Tal vez debamos cambiar las aplicaciones sociales del adjetivo utópico. Nos hemos acostumbrado a identificar la utopía con el pensamiento izquierdista que aspira a transformar la realidad. Parece admitido que los buenos sentimientos y las predicciones solidarias tienen poco que ver con los pasos del destino que gobierna las vueltas de los días y los mundo. Se consideran posturas utópicas, una calificación cargada de amabilidad para las mentalidades conservadoras. En otras ocasiones resulta más cómodo utilizar adjetivos como irresponsable, loco, desestabilizador o trasnochado. Y, sin embargo, las opiniones del pensamiento crítico están poniendo el dedo en la llaga con unos resultados casi matemáticos. Son consideraciones realistas, pragmáticas, casi tan fiables como una ley química. Mientras los empresarios exigen flexibilidad, los líderes sindicales avisan de la degradación peligrosa de las condiciones laborales provocada por las subcontratas y los empleos basura. Poco después se caen las vigas, los andamios y los puentes sobre las espaldas de los trabajadores. Los profesores comprometidos se quejan de la degradación de la enseñanza pública, de las presiones del obispero y de las vacilaciones pedagógicas de los gobiernos socialistas, y de inmediato se publica una encuesta situando a España en la cumbre del fracaso escolar europeo. Los pacifistas denunciaron la ilegalidad y las mentiras en las que se fundamentó la invasión de Irak, y hoy ya sabemos que todo era injusticia y mentira. La defensa de Occidente ha supuesto una exaltación encubierta o evidente de las armas químicas, la tortura, las cárceles secretas, los campos de concentración y el genocidio. Los trabajadores sociales explican el grave desmantelamiento del Estado del bienestar, advierten de las consecuencias del neoliberalismo desatado, y de pronto se llenan las noches de Francia con jóvenes excluidos que rompen hospitales, queman coches y buscan un medio de socialización tribal en la violencia.
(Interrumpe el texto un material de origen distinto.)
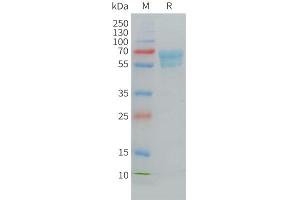Cynomolgus CD7 Protein, hFc Tag on SDS-PAGE under reducing condition.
Puras certezas, hechos elaborados por la razón y la observación, diagnósticos demostrados en poco tiempo, catástrofes que caen sobre las vidas con todo el peso de la ley de la gravedad. Convendría, pues, cambiar de costumbres lingüísticas y aplicar el adjetivo utópico a las ilusiones interesadas del pragmatismo económico liberal. Resulta utópico defender la flexibilidad laboral, las subcontratas y los empleos basura, sin que los puentes se caigan y se generalicen los siniestros. Resulta utópico querer desmantelar los amparos sociales, imponer la ley del más fuerte, sin que los más débiles decidan ser los más fuertes con una antorcha en la mano. Resulta utópico pretender la dignificación de los genocidios, porque los cadáveres y las bombas terminan por caer sobre las mesas de familia. La derecha ha vivido la utopía de creer que puede radicalizar sus mecanismos de especulación y explotación sin consecuencias. Ha olvidado la lección de Voltaire, que defendió el egoísmo como una razón última de la tolerancia. Conviene respetar a los demás, si no queremos que los demás se conviertan en nuestros enemigos. La sociedad moderna tiene dos posibilidades de vínculo: la solidaridad y el egoísmo. Dos posibilidades que conducen a la misma necesidad de entendimiento. Por distintos caminos.